Hi rockbottom, interesting question.....are you doing a project on various catering options?


----------



## rockbottom (Feb 9, 2009)

hi ms. shroomgirl, yes i am. :chef:


----------



## ed buchanan (May 29, 2006)

Serve Quality with pride, Customer comes first, charge a lot, give a lot, The rest follows.


----------



## chefbillyb (Feb 8, 2009)

Catering is taking your show on the road. I have catered on the beachs of Hawaii, to Desert of Washington State. I never let the customer do the menu, they always screw it up. I just find out their likes and dislikes and take off from there, That would be for a Wedding, and I hate Weddings. I charge a lot and give twice what they asked for. I always like something carved, Baron, Prime Rib, whatever. I like a choice of 3 entrees and starch and vegetable that would go nice with all of them. when you take your show on the road, you better know what your doing. Dont leave anything to chance. If it could go wrong, it will. The party isn't a place to try something new. The catering is the hardest part of foodservice that you will ever do. The catering is planning, planning, planning, Hard work, Hard work, Hard work. When it is over it will be the most fun and the biggest Adrenaline rush........Bill


----------



## shroomgirl (Aug 11, 2000)

As a small offsite caterer who does events from 600 down to small events....
using a lot of local food. Most events are considered tablecoth events.
check out my website for more info.

Strengths: being able to cook a lot of different cuisines, rifting with what's available, having farm sources that supply me with top quality products many I've asked them to grow......having the ability to do a mydrid of things:
manage/direct a food stage
food styling
talking to chefs in their language, ie having an understanding of what it takes to create food.
teaching
writing
creating events
designing and creating farmers markets
being able to create menus that reflect:budget, guest preference, space, season etc



Weaknesses: being small means I do everything, or hire someone to do things.
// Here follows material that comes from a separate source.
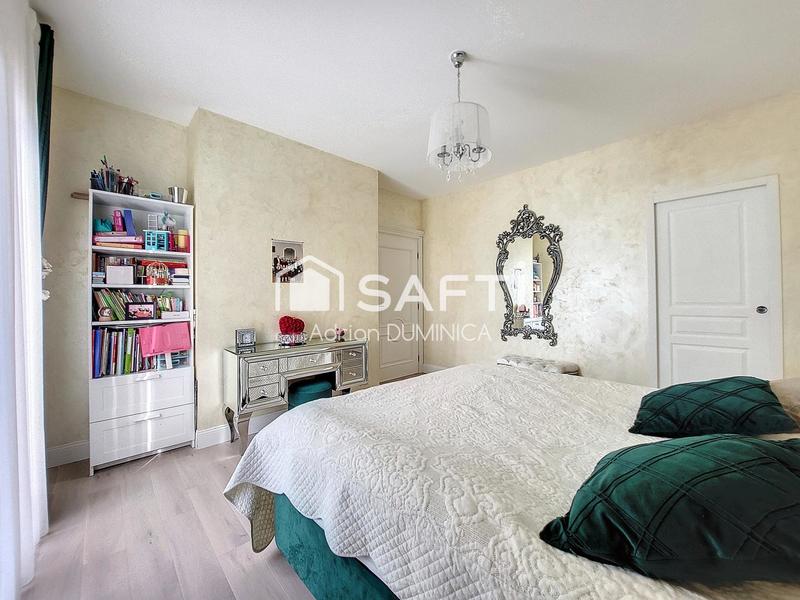 Maison - 194 m² - 8 pièces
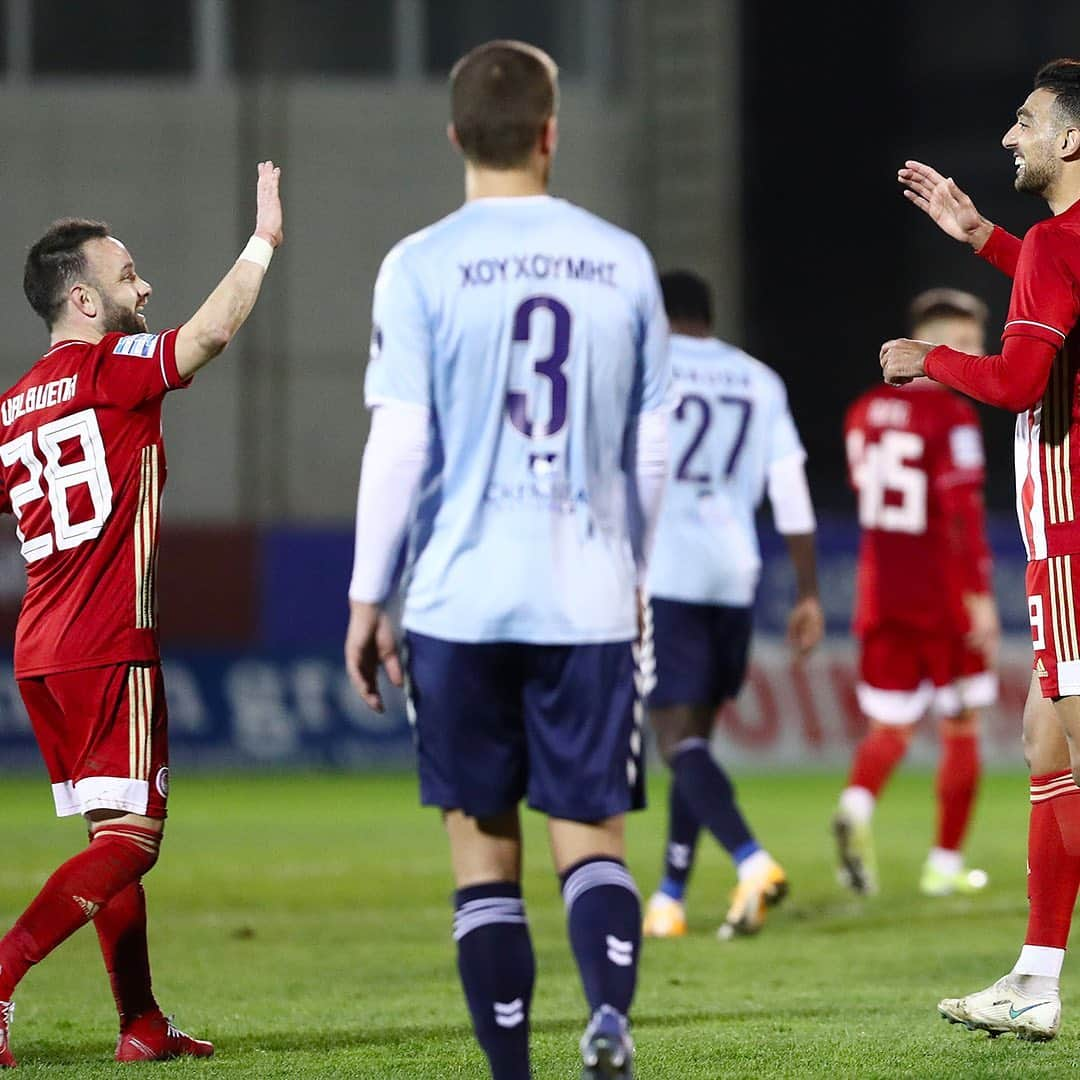 マテュー・ヴァルブエナさんのインスタグラム写真 - (マテュー・ヴァルブエナInstagram)「Never letting down my teammates. Hard conditions tonight. Well done team! 🔴⚪」2月1日 5時00分 - mv28_officiel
Sometimes weaknesses have been turned into strengths. gotta get to the winter farmers market as they open in 45 minutes and there are very little greens this time of year, supply vs demand....if you don't get them within the first 15 minutes you don't get them until the next market, two weeks later


----------



## bbally (Jan 2, 2005)

Pick the level of service you offer and be the best at it.
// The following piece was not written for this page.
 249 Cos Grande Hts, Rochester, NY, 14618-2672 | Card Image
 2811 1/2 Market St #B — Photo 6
Know you can not be best at all things catering, so figure out what you do and do it correctly on every execution!

Always over deliver.

Have a great qualification questionaire to be sure the potential client fits your business plan. (sometimes the most important client is the one you send to the competition cause they will never be happy)
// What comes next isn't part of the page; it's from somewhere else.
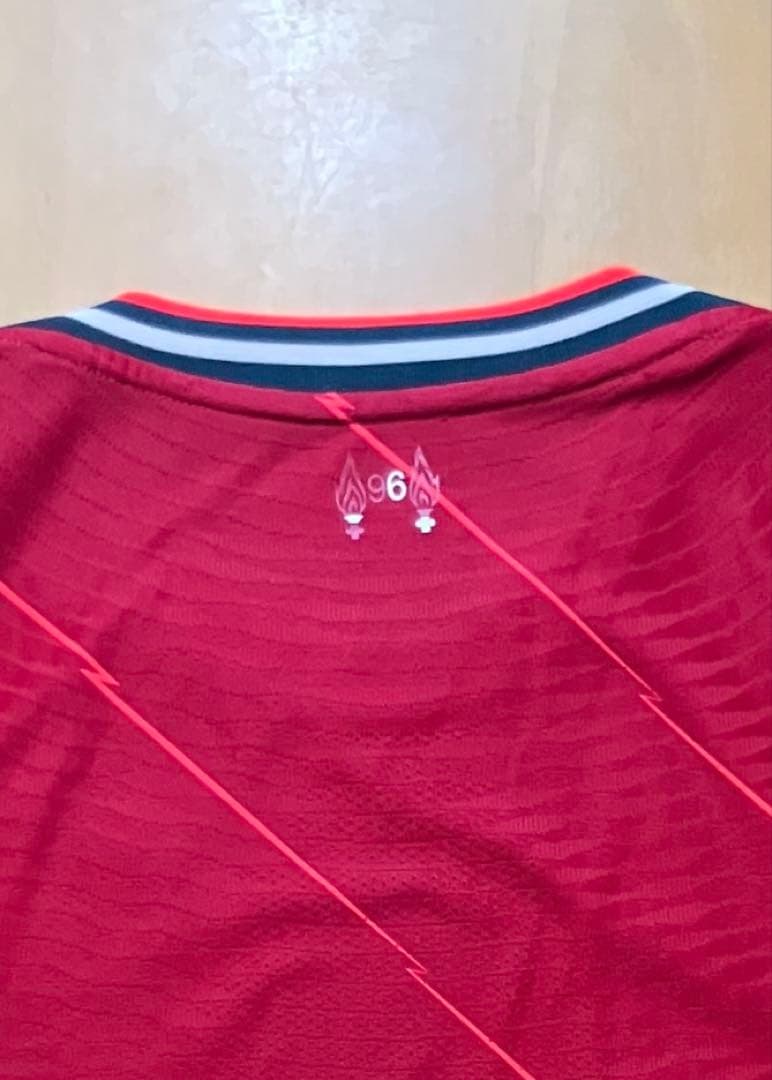 リヴァプール 2021-22 ホーム オーセンティックユニフォーム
Know your costs, know your overhead, know your profit margin, don't compromise on any of them.

Understand marketing, and that the best marketing is the way you look and the way you taste..... which means you need to support the non-profits that offer tastings, and have Boards of Directors that can steer business your way.

Purchase all the equipment to expand at auction.... Capital equipment liquidation from people whom wrote a bad business plan offer your greatest chance to increase return on investment!


----------